Von der Natur/ Krafft/ Wirckung und Eygenschafft deß Ferulkrauts.
Die Wurtzel unnd der Samen deß Ferul oder Steckenkrauts/ haben eine Krafft zu wärmen/ zu trucknen/
subtiel unnd dünn zu machen. Das Marck aber deß frischen grünen Krauts/ hat ein zusammen ziehende unnd stopffende Eygenschafft.
Dieses Kraut ist den Eseln ein anmütige Speiß/ dem andern Viech aber ein tödlich Gifft.
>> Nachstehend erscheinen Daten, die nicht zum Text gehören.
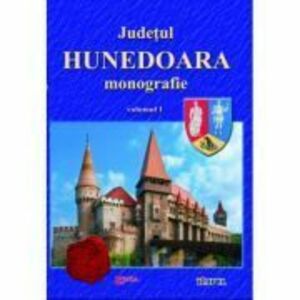 Judetul Hunedoara, monografie, volumul 1 - Ioan Sebastian Bara imagine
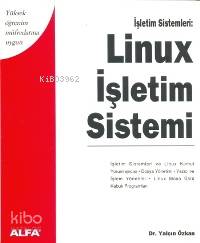 Linux İşletim Sistemi Yalçın Özkan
Jnnerlicher Gebrauch deß Ferulkrauts.
Das Marck oder das obgemeldte Aug deß frischen grünen Ferulkrauts/ ist nutz getruncken wider den
Bauchfluss/ Blutspeihen/ unnd das Kotzen. Auch ist er gut getruncken mit Wein/ wider die Biß der Viperschlangen.
Eusserlicher gebrauch deß Ferulkrauts.
Das Marck oder das obgemeldte Aug deß Ferulkrauts/ in die Nasen gesteckt/ stopffet das Nasenbluten.